Task prompt:
Exactly as written, transcribe the data from its opening line through the line containing "Lucia Terracotta Embroidered". Leave every picture out.

Dataset excerpt:

◇ ◇ ◇ ◇ ◇

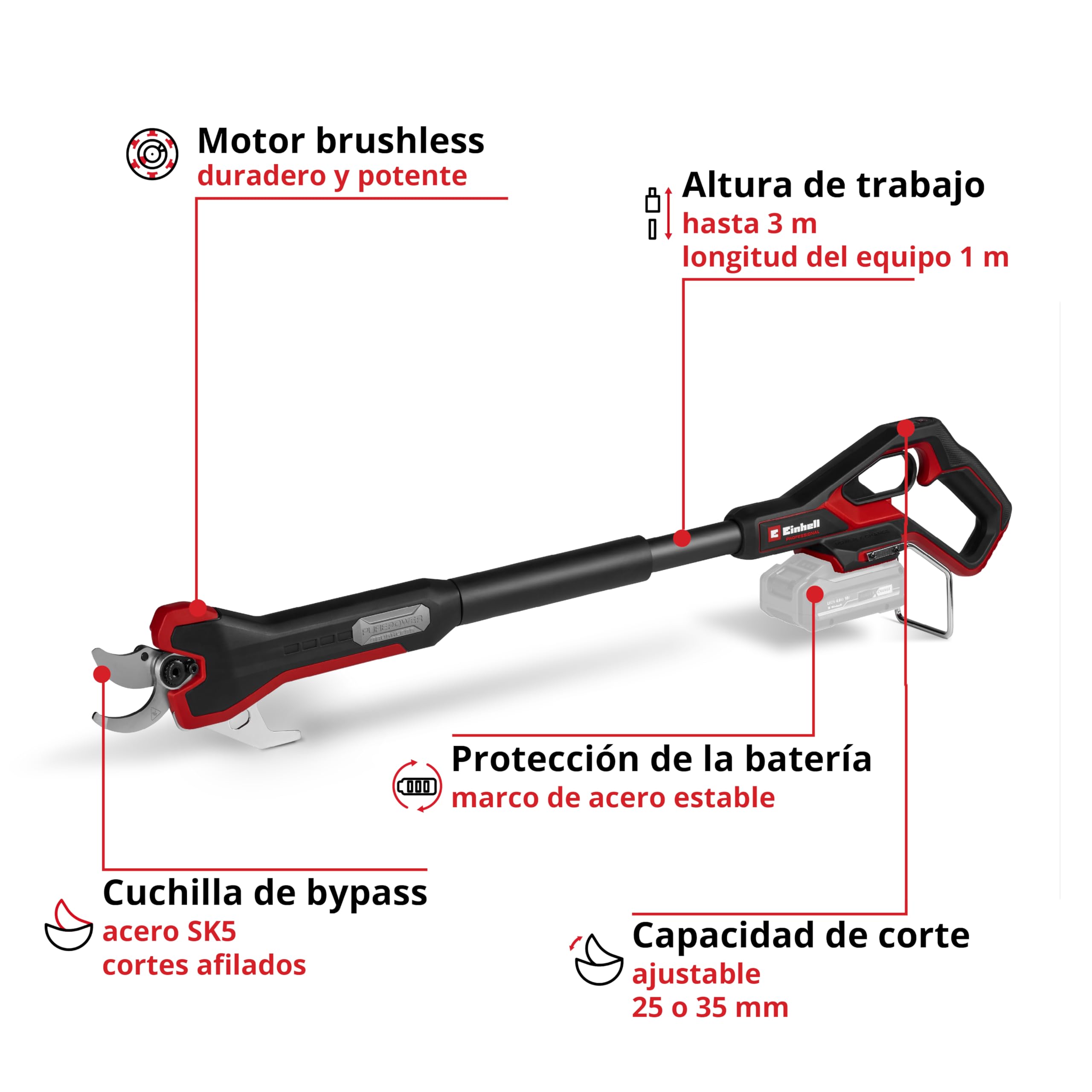 Einhell Professional tijeras de podar con batería GP-LS 18/35 Li BL-Solo Power X-Change (18 V, brushless, ramas hasta 35 mm, cuchillas de derivación, ganchos metálicos, agarre suave, sin batería)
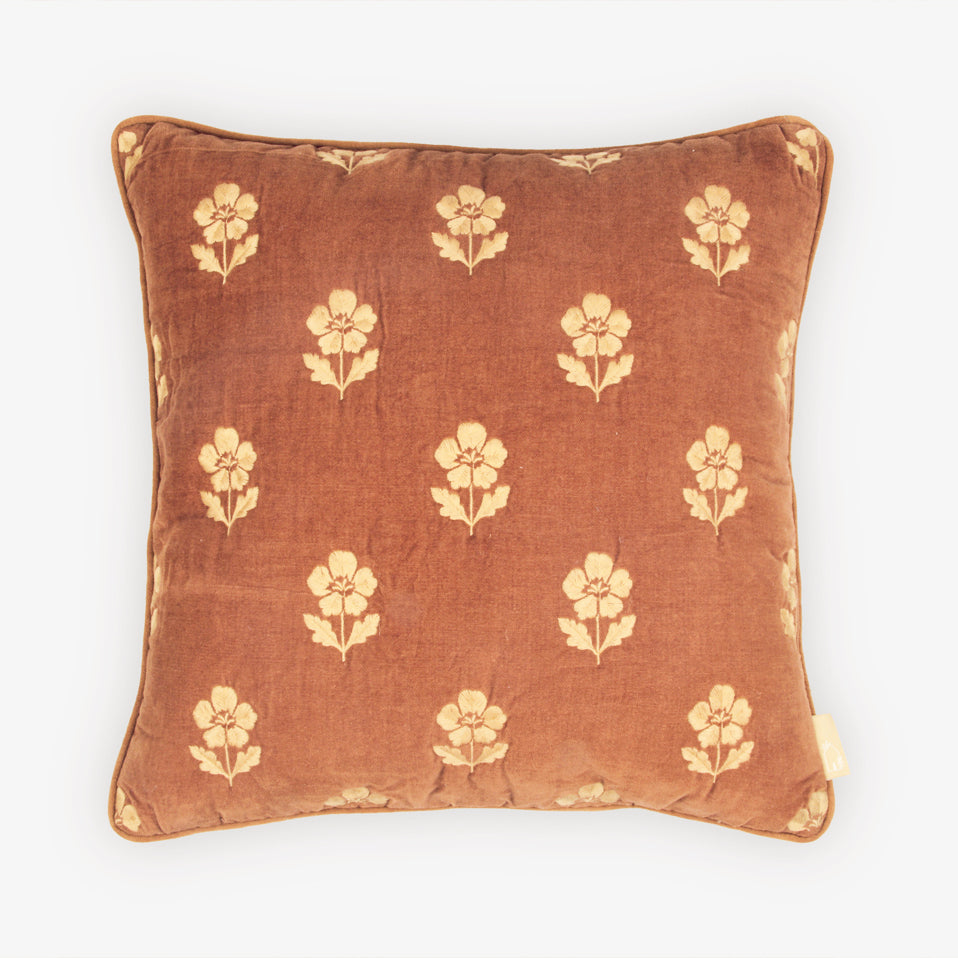 Lucia Terracotta Embroidered Velvet Cushion Cover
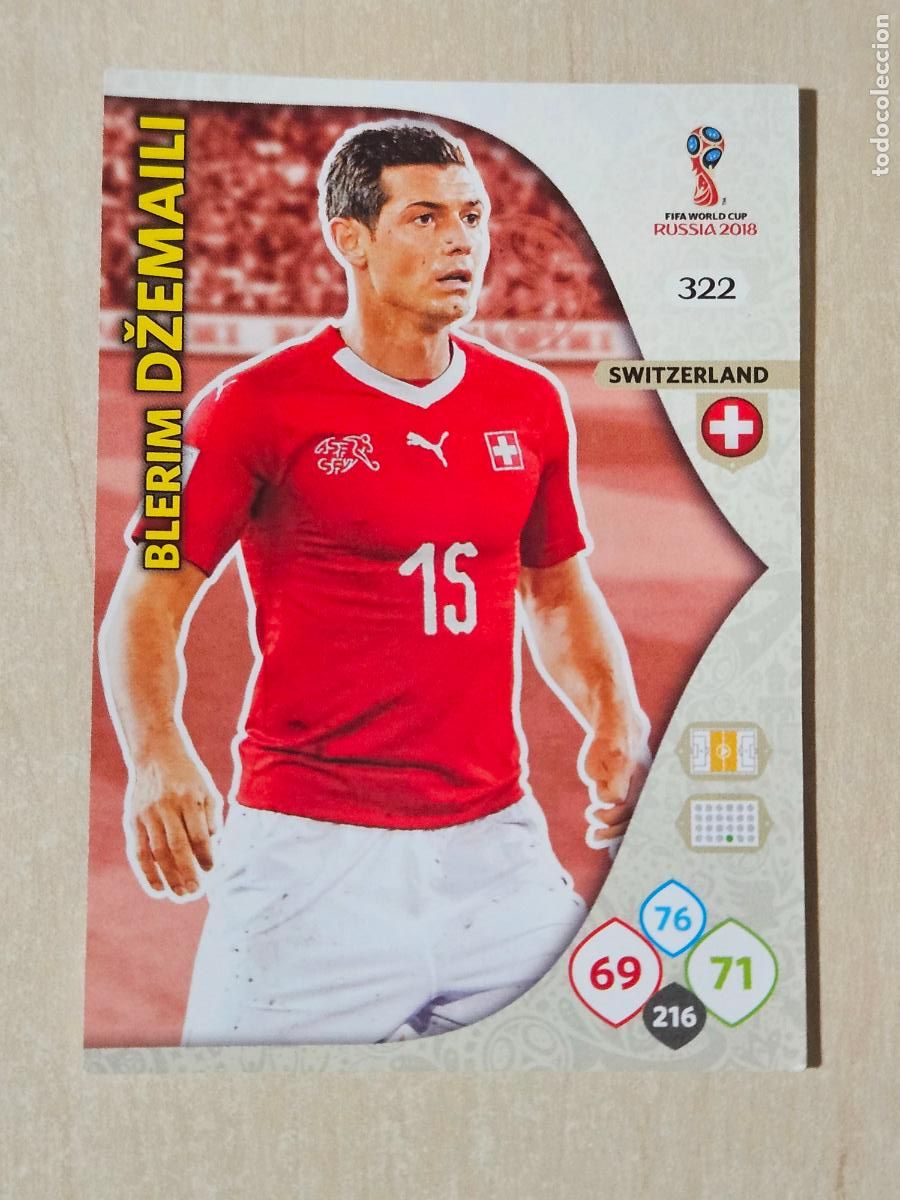 Cromos de F&uacute;tbol: N&ordm; 322 DZEMAILI - ADRENALYN 2018 MUNDIAL RUSIA - CROMO FICHA - SUIZA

◇ ◇ ◇ ◇ ◇

Solution to the problem:
 Einhell Professional tijeras de podar con batería GP-LS 18/35 Li BL-Solo Power X-Change (18 V, brushless, ramas hasta 35 mm, cuchillas de derivación, ganchos metálicos, agarre suave, sin batería)
 Lucia Terracotta Embroidered Velvet Cushion Cover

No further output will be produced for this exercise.